In the martial spirit of the holiday, I attacked my driveway with a flamethrower today. I had a low spot and I wanted to take out the old asphalt and replace it with new. When I essayed my first attempt yesterday in the hot sun, the asphalt came out depressingly easily, but today in the rain, it was as hard as rock, or at least as hard as rock mixed with tar.
My next door neighbor, a professional asphalt installer who's going to Guantanamo next week, came out and offered me advice and a flame thrower (or weed burner as he more prosaically insisted on calling it). It softened up the asphalt enough to allow me to tear it out and also to tamp it down.
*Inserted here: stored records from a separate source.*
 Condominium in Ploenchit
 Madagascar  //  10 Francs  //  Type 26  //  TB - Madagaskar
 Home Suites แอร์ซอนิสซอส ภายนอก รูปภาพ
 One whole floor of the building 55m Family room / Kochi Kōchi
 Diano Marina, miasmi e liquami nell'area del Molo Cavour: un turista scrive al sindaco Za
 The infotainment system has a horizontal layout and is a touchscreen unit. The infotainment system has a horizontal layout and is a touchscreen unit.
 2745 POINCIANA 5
I've always been very critical of poor asphalt patching jobs, and I've seen many over the years, walking up driveways for a living. Now I understand how people can stop when it looks so bad. It's really really hard. My neighbor came out to check on my "progress". Kind man that he is, he was able to say it looked pretty good, and keep a straight face. Actually, instead of a low spot, now my driveway appears to have cellulite. He said he would bring his mechanical tamping device from work tomorrow and maybe with that and a little flame throwing action, it could be beaten down like the British at Valley Forge. Okay, he didn't say exactly that.
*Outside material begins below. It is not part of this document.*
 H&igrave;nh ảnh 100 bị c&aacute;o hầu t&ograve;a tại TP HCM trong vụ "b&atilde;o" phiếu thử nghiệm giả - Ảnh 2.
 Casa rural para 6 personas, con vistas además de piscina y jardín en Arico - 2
Tomorrow, Ambre and I go to pick up our bibs for the Fireweed 50 on Saturday. With my new bike I'm beginning to think it's possible that I might finish. That's the kind of optimism that makes America the sea-washed mother of exiles, the golden lamp-lit door.
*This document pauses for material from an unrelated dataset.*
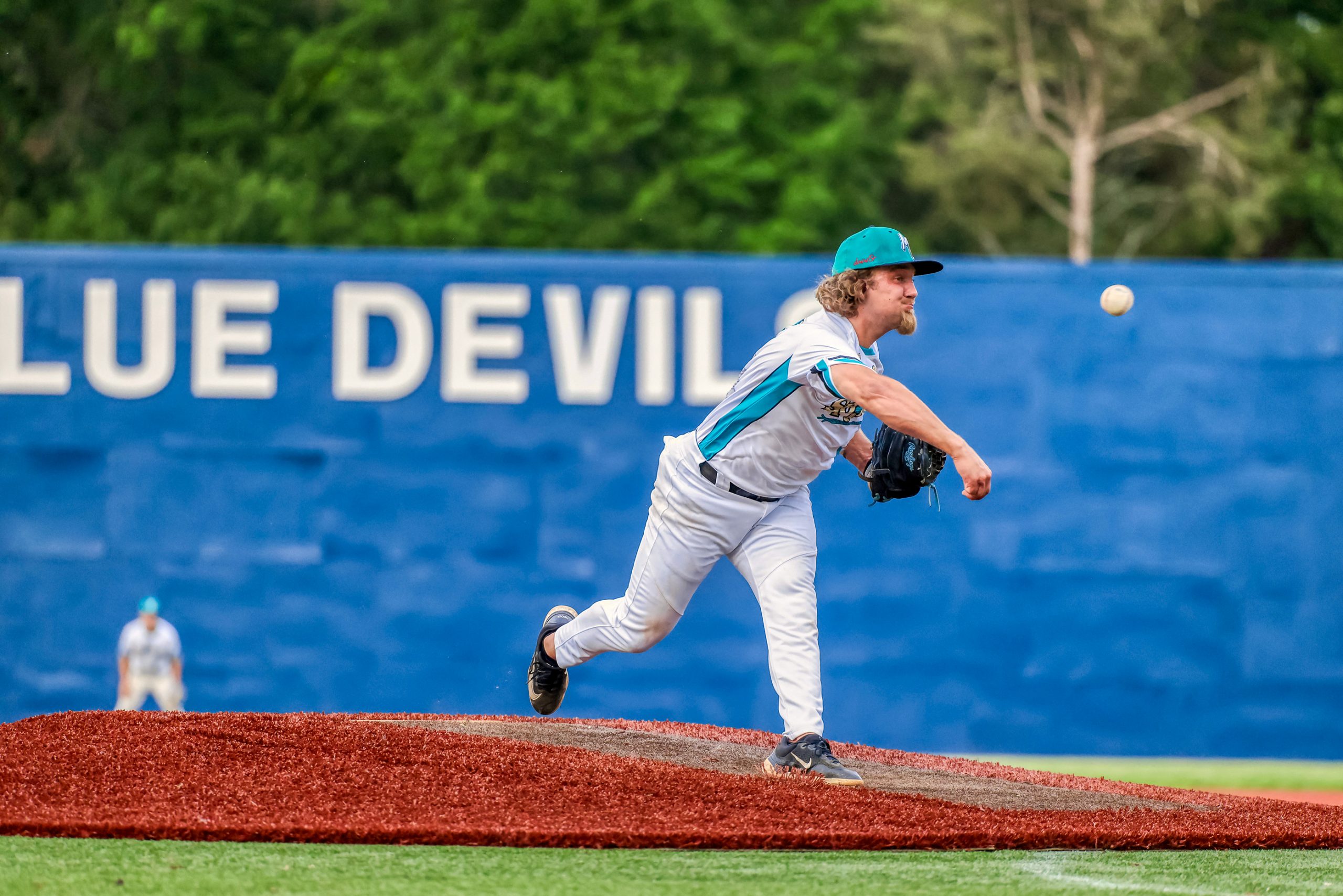 Spinners claim season opener from Owls
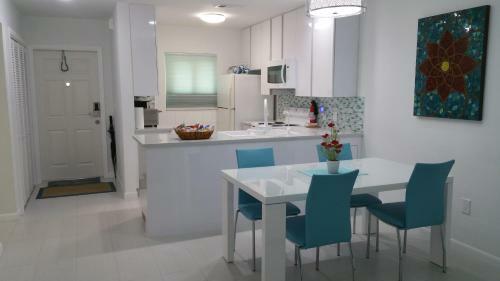 Aparthotel Downtown Hollywood Boutique Hotel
Ambre and I have a team name and a logo. We call ourselves the Red Lanterns. We're using Green Lantern's logo (without permission, so please don't tell DC's lawyers) only colored red. And, it's on yellow T-shirts because that's the one color that Green Lantern can't affect. A team with subtle nuances that only other geeks would recognize. Oh, and a motto, too, "Because Someone Has to be Last."